HOW TO COMPLETE THIS TASK:
Reproduce exactly the lines from the one containing "2 Bedroom Flat" through the end of the listing, minus the pictures.

Start of Block

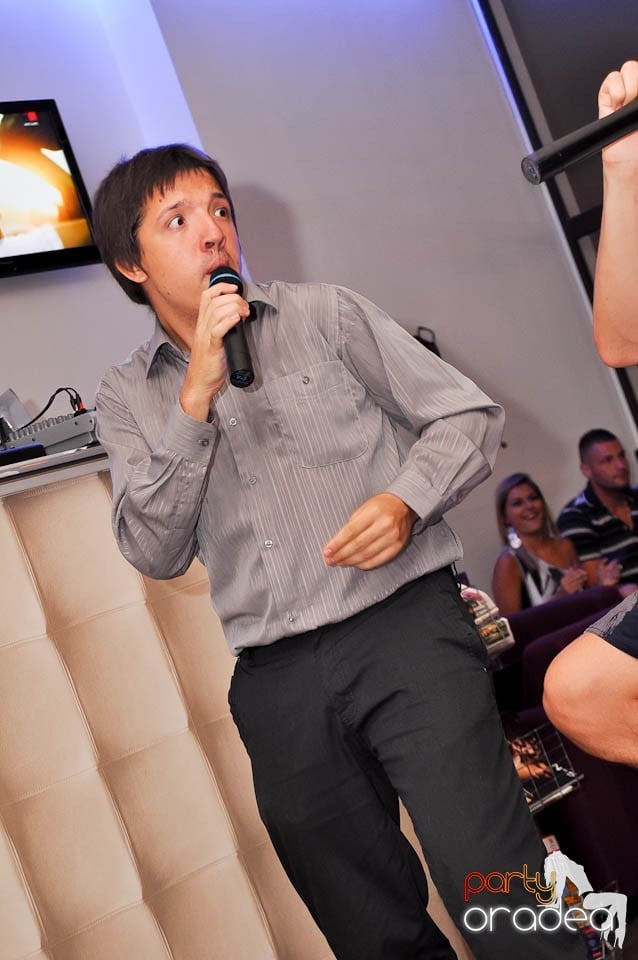Karaoke Party în Blondy's Art Café,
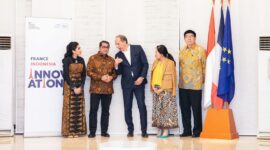 Menteri Ekonomi Kreatif/Kepala Badan Ekonomi Kreatif (Ekraf), Teuku Riefky Harsya (kedua kiri), berbincang dengan Duta Besar Prancis untuk Indonesia, Timor-Leste, dan ASEAN, H.E. Fabien Penone (tengah), saat menghadiri resepsi dan peragaan busana inkubator PINTU France–Indonesia di Kediaman Duta Besar Prancis, Jakarta, Selasa (28/07/2026
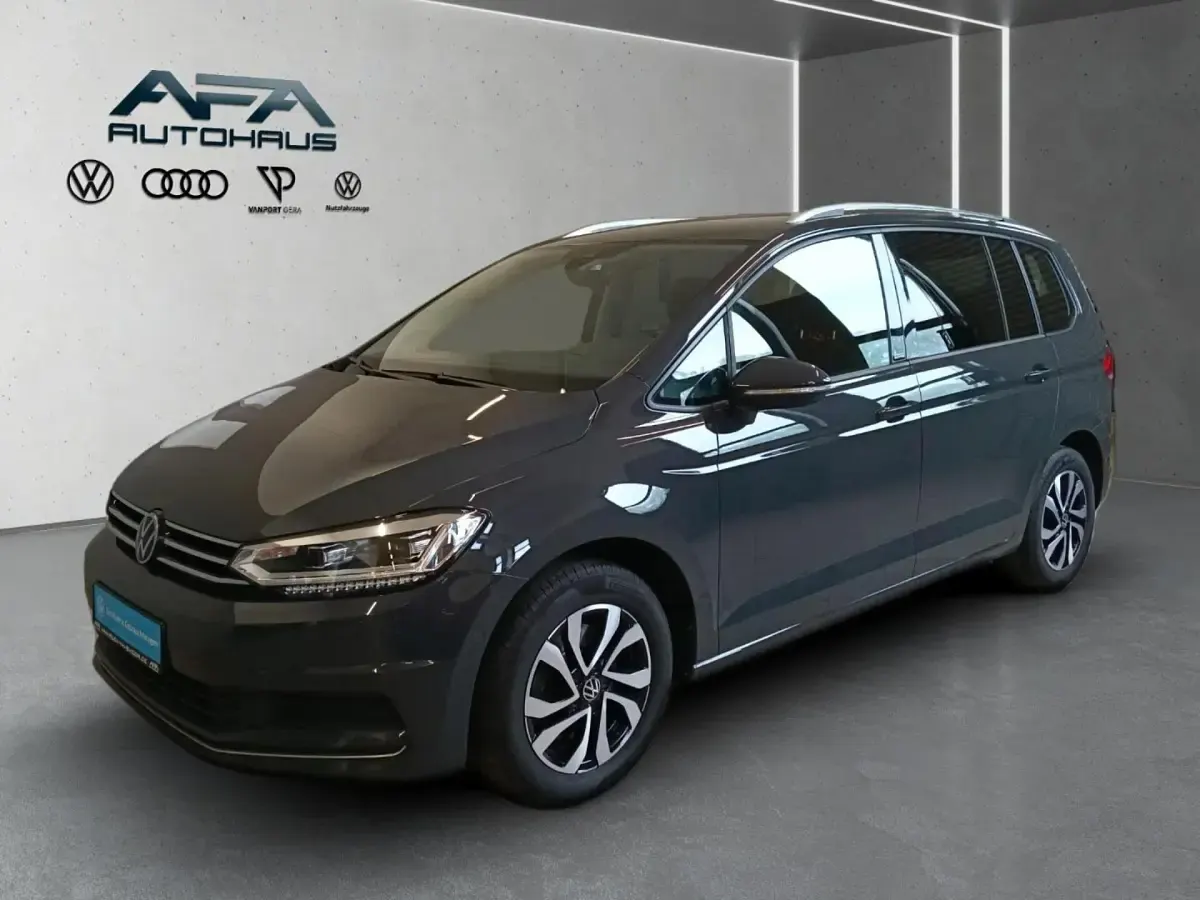 Gebraucht VW Touran Active 150 PS (110 kW) 2022 Grau Van / Kleinbus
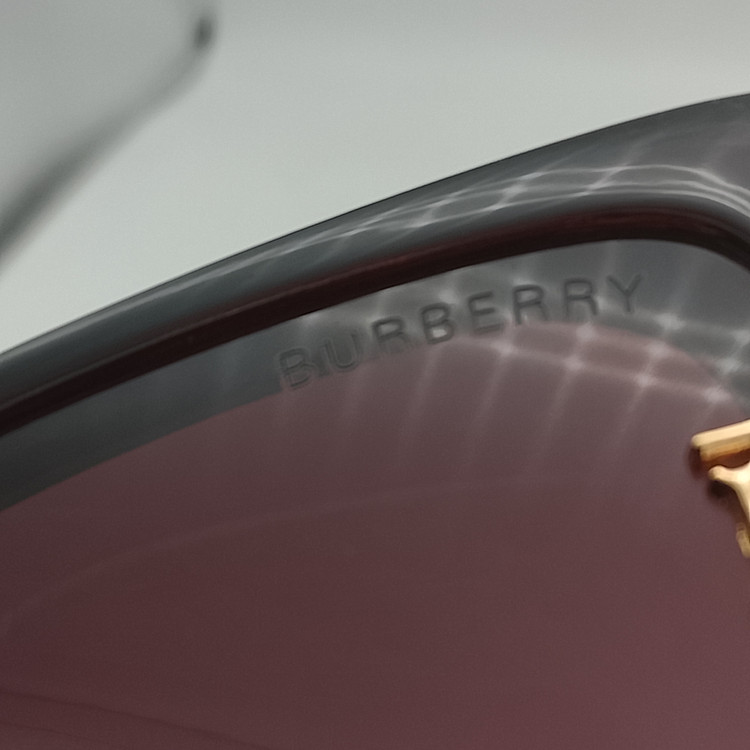 عینک زنانه باربریBURBERRY لولا فلز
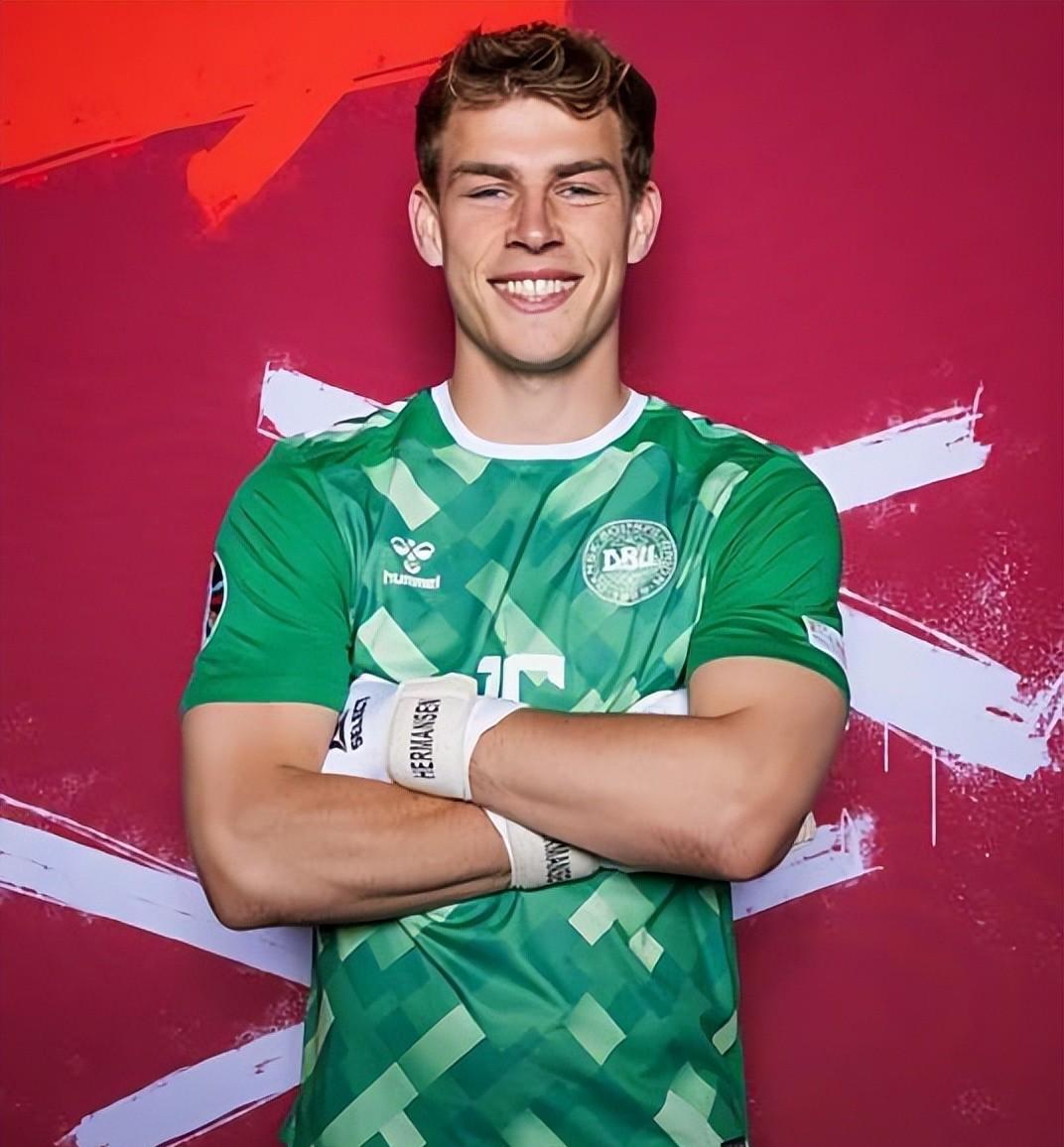 开云官网-这也行？印第安纳步行者转会期复出首秀西汉姆围绕欧篮联回应争议，利物浦冲刺阶段队长鼓劲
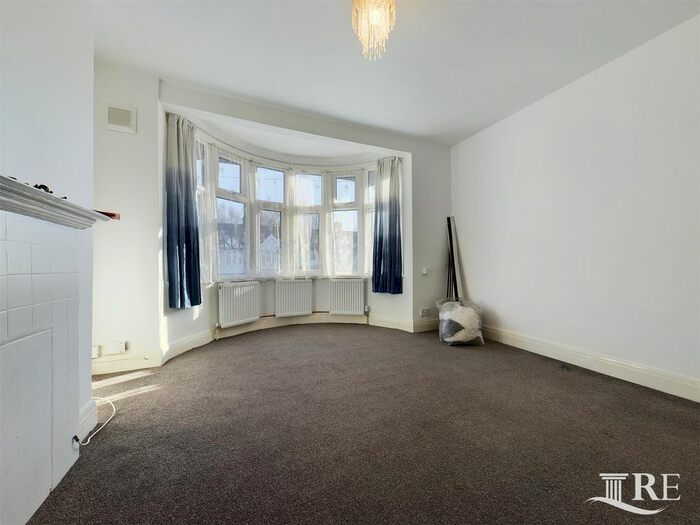 2 Bedroom Flat To Rent In Braemar Avenue, London NW10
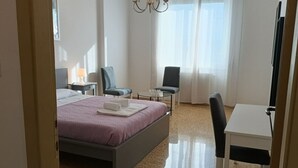 2 室のベッドルーム、WiFi、ベッドシーツ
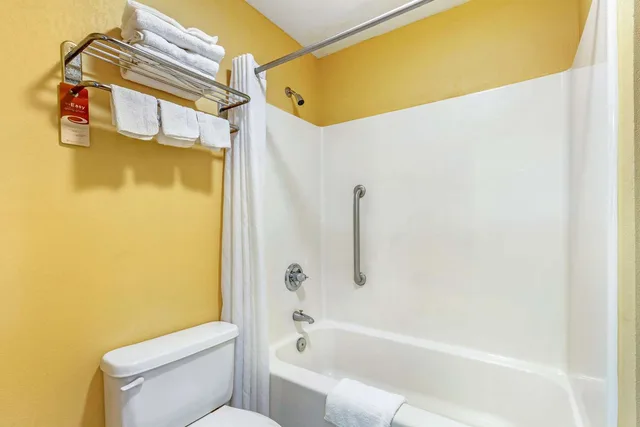 غرفة بسريرين مزدوجين لذوي الإعاقة، Econo Lodge Northport near University 5/5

End of Block

RESPONSE BELOW:
 2 Bedroom Flat To Rent In Braemar Avenue, London NW10
 2 室のベッドルーム、WiFi、ベッドシーツ
 غرفة بسريرين مزدوجين لذوي الإعاقة، Econo Lodge Northport near University 5/5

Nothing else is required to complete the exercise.